**PROBLEM REQUIREMENTS**
Find where "Adenium D.H.A CPL 6 Pieces Seeds" occurs in the data below, and retype that line and every later line exactly.

**DATA EXTRACT**
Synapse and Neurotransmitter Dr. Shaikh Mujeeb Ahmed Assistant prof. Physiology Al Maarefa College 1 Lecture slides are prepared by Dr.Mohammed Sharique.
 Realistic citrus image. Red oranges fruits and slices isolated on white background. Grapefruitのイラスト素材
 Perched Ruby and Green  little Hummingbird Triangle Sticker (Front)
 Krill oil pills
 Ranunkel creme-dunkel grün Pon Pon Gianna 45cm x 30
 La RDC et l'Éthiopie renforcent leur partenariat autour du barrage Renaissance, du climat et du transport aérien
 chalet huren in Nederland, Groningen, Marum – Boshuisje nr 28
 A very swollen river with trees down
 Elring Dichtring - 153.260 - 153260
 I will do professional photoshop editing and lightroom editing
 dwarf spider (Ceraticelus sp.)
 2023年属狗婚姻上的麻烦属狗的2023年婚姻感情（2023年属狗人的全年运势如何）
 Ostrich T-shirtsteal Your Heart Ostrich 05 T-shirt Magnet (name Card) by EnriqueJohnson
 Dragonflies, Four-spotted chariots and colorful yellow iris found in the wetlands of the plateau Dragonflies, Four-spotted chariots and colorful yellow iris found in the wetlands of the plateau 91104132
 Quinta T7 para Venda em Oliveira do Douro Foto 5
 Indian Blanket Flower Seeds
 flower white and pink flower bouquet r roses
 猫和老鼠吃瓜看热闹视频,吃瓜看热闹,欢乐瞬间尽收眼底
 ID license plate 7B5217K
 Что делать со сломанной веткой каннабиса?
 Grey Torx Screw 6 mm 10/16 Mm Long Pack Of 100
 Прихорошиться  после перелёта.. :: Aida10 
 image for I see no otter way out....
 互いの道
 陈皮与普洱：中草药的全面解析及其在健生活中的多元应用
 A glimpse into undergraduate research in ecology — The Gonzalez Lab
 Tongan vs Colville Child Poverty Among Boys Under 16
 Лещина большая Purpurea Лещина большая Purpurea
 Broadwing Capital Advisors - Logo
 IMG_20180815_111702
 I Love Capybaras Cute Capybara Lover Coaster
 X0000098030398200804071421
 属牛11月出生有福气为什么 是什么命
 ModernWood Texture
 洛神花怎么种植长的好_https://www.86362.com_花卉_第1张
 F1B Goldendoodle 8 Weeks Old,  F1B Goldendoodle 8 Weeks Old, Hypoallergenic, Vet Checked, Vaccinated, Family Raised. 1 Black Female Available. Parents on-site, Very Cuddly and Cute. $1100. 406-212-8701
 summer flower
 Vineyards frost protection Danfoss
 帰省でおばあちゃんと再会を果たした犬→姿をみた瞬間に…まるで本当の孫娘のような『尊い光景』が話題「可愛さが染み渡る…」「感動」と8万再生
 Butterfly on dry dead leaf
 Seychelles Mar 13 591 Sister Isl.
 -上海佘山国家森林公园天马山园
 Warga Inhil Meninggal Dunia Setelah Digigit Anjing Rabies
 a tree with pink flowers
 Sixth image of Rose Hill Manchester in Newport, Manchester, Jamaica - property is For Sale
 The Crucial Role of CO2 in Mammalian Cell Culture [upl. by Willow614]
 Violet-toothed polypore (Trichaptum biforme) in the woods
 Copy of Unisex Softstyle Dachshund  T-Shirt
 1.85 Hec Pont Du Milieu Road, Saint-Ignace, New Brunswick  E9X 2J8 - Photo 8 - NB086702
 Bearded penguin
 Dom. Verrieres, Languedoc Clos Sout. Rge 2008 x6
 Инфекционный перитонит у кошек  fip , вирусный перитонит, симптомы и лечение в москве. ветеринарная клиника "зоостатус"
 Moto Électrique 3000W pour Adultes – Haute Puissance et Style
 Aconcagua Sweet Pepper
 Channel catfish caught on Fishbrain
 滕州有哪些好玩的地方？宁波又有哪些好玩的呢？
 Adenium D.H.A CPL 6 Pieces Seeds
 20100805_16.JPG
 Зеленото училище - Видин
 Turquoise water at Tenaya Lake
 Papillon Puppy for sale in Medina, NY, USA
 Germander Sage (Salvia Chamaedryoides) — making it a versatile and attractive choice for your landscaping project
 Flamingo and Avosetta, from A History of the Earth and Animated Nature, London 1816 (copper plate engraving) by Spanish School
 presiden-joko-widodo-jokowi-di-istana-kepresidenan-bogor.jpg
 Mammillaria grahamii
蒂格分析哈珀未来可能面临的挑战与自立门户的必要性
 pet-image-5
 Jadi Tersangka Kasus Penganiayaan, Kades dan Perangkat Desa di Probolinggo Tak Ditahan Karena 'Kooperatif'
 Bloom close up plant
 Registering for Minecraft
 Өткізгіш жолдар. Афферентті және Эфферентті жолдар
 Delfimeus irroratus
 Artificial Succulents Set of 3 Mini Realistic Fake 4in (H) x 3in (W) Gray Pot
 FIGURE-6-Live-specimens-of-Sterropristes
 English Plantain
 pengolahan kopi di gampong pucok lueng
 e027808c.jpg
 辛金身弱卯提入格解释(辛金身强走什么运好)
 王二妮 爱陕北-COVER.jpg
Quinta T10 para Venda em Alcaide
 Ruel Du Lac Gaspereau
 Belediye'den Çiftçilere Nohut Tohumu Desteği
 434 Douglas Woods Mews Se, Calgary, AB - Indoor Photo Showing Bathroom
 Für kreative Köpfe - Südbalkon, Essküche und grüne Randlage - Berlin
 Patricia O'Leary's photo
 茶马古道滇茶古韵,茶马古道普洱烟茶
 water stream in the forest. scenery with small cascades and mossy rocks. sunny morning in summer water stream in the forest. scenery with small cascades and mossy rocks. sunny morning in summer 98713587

**TASK OUTPUT**
 Adenium D.H.A CPL 6 Pieces Seeds
 20100805_16.JPG
 Зеленото училище - Видин
 Turquoise water at Tenaya Lake
 Papillon Puppy for sale in Medina, NY, USA
 Germander Sage (Salvia Chamaedryoides) — making it a versatile and attractive choice for your landscaping project
 Flamingo and Avosetta, from A History of the Earth and Animated Nature, London 1816 (copper plate engraving) by Spanish School
 presiden-joko-widodo-jokowi-di-istana-kepresidenan-bogor.jpg
 Mammillaria grahamii
蒂格分析哈珀未来可能面临的挑战与自立门户的必要性
 pet-image-5
 Jadi Tersangka Kasus Penganiayaan, Kades dan Perangkat Desa di Probolinggo Tak Ditahan Karena 'Kooperatif'
 Bloom close up plant
 Registering for Minecraft
 Өткізгіш жолдар. Афферентті және Эфферентті жолдар
 Delfimeus irroratus
 Artificial Succulents Set of 3 Mini Realistic Fake 4in (H) x 3in (W) Gray Pot
 FIGURE-6-Live-specimens-of-Sterropristes
 English Plantain
 pengolahan kopi di gampong pucok lueng
 e027808c.jpg
 辛金身弱卯提入格解释(辛金身强走什么运好)
 王二妮 爱陕北-COVER.jpg
Quinta T10 para Venda em Alcaide
 Ruel Du Lac Gaspereau
 Belediye'den Çiftçilere Nohut Tohumu Desteği
 434 Douglas Woods Mews Se, Calgary, AB - Indoor Photo Showing Bathroom
 Für kreative Köpfe - Südbalkon, Essküche und grüne Randlage - Berlin
 Patricia O'Leary's photo
 茶马古道滇茶古韵,茶马古道普洱烟茶
 water stream in the forest. scenery with small cascades and mossy rocks. sunny morning in summer water stream in the forest. scenery with small cascades and mossy rocks. sunny morning in summer 98713587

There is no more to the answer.